I'm having a problem with Adaptec 5805 raid card
http://www.adaptec.com/en-us/support/raid/sas_raid/sas-5805/
(with two SAS discs in raid) and Gigabyte motherboard GA-H67A-D3H-B3
http://www.gigabyte.com/products/product-page.aspx?pid=3866#sp
running CENTOS 6 as webserver.
Short story : when I boot the server, the raid card runs on full speed, doing over 250Mb/s transfer rate. Within no more than 60 minutes, I receive an IRQ error, IRQ 16 is stopped and since then, the card does no more than 2,5Mb/s transfer rate (but working). I need to fix it, so the card runs on full speed all the time.
Long story :
1] the motherboard doesn't have PCIe x8 slot to fit the raid card. I tried the x16 slot, but when in this slot, the card is not detected at all, system boots without it. So I used x4 slot, where the card (surprisingly for me), works great. Except the IRQ ...

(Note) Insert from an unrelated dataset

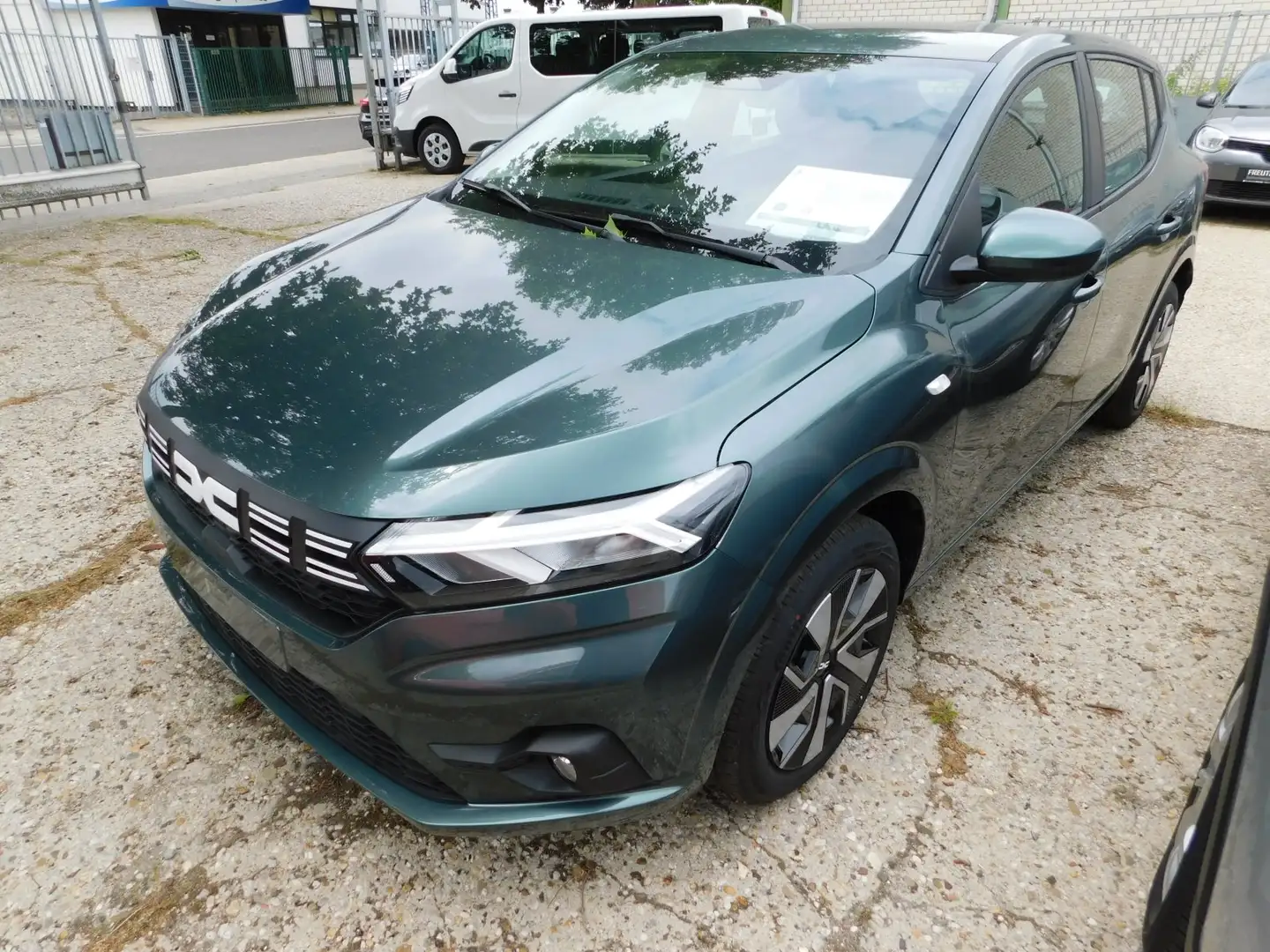 Dacia Sandero III 1.0 TCe 90 Expression (EURO 6e) Vert - 2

2] there are two SATA disks connected to motherboard, each as primary on its channel
SAMSUNG HD502HJ SAMSUNG HD103UJ
then, there is additional network card in first of the normal PCI slots (in the picture on the above link, its the right-most white PCI slot next to "DUAL BOOT" description on the mobo.
And the raid card is in the PCIeX4 slot (next to those three white PCI slots)
Nothing else is used, I do not use any USB devices or anything else, just two SATA discs, two network connectors (mobo and card) and raid card with two SAS discs connected
3] system is like i said Centos 6
uname -a
Linux 2.6.32-71.29.1.el6.x86_64 #1 SMP Mon Jun 27 19:49:27 BST 2011 x86_64 x86_64 x86_64 GNU/Linux
CPU is
Intel(R) Core(TM) i7-2600 CPU @ 3.40GHz
lspci -v
00:00.0 Host bridge: Intel Corporation Sandy Bridge DRAM Controller (rev 09)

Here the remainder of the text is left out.